Anti-religiöse Chuzpe

Robert Ziegler, stellvertretender Chefredakteur im ORF-Landestudio Niederösterreich, war nach dem Breivik-Massaker in Oslo sehr rasch klar geworden, dass es sich bei dem wahnsinnigen Attentäter nicht um einen „christlichen“ Fundamentalisten handelt – denn mit dem Christentum hat der Sonderling wahrlich wenig am Hut – sondern bestenfalls um einen religiösen Fanatiker, oder schlicht einen Rechtsextremisten. Er teilte dies seinen Redakteuren in einem Mail mit, in dem er erneut an die besondere sprachliche Sensibilität erinnerte, die auch das Objektivitätsgebot des ORF einfordert.

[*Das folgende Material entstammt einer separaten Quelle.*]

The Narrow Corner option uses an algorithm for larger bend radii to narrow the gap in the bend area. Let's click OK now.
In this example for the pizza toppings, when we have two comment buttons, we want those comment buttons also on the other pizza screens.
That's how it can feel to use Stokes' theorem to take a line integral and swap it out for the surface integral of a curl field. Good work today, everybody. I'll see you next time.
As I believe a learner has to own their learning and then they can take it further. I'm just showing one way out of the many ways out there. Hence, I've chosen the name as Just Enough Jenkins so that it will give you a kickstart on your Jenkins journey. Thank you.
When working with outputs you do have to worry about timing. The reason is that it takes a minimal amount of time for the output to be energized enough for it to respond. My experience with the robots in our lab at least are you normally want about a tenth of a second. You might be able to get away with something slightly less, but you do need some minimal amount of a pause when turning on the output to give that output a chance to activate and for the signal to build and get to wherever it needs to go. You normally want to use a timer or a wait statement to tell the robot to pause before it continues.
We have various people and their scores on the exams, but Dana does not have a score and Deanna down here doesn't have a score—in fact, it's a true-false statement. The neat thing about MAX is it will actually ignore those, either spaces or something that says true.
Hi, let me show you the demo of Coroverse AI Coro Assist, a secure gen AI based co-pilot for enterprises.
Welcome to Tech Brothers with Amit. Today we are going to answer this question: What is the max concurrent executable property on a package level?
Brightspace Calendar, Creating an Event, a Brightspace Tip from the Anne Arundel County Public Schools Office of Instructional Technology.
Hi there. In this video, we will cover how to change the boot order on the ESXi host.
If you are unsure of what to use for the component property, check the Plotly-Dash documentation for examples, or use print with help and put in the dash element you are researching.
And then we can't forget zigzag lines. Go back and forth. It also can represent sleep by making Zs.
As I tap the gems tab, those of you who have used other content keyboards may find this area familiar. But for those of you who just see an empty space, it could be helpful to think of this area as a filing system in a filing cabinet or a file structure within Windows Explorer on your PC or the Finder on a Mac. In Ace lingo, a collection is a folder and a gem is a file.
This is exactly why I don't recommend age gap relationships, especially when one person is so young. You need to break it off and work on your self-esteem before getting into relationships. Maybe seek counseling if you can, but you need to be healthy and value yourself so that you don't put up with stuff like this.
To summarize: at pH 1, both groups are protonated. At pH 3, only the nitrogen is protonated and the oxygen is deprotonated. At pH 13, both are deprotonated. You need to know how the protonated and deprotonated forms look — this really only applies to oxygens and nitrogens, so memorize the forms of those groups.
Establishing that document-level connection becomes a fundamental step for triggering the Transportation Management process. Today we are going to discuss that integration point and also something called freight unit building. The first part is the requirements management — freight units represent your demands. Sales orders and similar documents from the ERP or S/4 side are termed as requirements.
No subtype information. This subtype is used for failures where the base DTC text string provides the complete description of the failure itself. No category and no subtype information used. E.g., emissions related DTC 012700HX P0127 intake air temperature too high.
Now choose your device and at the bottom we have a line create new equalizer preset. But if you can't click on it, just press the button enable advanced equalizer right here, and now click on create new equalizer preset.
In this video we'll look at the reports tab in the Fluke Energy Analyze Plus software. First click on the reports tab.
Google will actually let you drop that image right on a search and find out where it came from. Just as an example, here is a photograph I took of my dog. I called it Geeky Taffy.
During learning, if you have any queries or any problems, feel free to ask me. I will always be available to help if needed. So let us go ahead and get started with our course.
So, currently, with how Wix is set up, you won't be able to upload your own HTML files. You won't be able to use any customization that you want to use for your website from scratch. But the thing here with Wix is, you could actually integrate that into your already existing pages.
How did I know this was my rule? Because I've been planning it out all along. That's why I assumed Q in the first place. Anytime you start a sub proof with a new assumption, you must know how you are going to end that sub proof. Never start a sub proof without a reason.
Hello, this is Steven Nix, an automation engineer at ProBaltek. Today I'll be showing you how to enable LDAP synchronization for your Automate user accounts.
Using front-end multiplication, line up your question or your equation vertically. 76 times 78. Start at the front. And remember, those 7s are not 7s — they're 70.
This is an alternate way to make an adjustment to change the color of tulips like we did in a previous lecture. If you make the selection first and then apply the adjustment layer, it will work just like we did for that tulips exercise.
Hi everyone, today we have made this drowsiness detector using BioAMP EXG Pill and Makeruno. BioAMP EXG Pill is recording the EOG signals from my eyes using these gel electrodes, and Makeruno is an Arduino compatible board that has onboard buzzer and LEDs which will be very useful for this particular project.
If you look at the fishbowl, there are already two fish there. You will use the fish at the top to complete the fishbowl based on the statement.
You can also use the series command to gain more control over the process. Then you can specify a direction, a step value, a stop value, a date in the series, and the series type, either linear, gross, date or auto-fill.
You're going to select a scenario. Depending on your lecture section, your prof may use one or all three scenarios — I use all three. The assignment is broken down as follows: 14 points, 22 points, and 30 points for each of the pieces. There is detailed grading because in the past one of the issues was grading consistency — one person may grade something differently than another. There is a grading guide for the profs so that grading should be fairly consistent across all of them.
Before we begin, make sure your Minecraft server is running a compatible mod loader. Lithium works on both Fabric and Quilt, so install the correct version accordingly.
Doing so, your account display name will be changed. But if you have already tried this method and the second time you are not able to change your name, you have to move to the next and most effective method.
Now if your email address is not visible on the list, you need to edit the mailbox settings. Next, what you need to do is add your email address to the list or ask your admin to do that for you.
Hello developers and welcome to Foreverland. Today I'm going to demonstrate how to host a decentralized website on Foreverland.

Es dauerte nicht lange, bis dieses Mail auf illegalem Weg an den „Standard“ geriet, der als einziges Medium über diese journalistische Selbstverständlichkeit berichtete; wohl in der Hoffnung, dass sich darüber hinreichend antireligiöse Kreise gebührend erregen würden. Und tatsächlich nahmen die Betreiber der Initiative „Religion ist Privatsache“ den Ball auf (nota bene: der Verein kürzt sich „RIP“ ab – was auch kein schlechter Witz ist).

Es handelt sich um penetrante und hartnäckige anti-religiöse Agitatoren, die auch immer wieder den ORF angreifen, weil er angeblich ein „Religionsfunk“ ist. Der Verein ist etwa gegen ORF-Berichte über die „Lange Nacht der Kirchen“, den Ethik-Unterricht oder Religionssendungen im ORF generell. Die Leute haben zwar praktisch keine Bedeutung, sind aber höchst umtriebig und haben es auch geschafft, in kirchenfeindlichen Medien Verbündete zu finden.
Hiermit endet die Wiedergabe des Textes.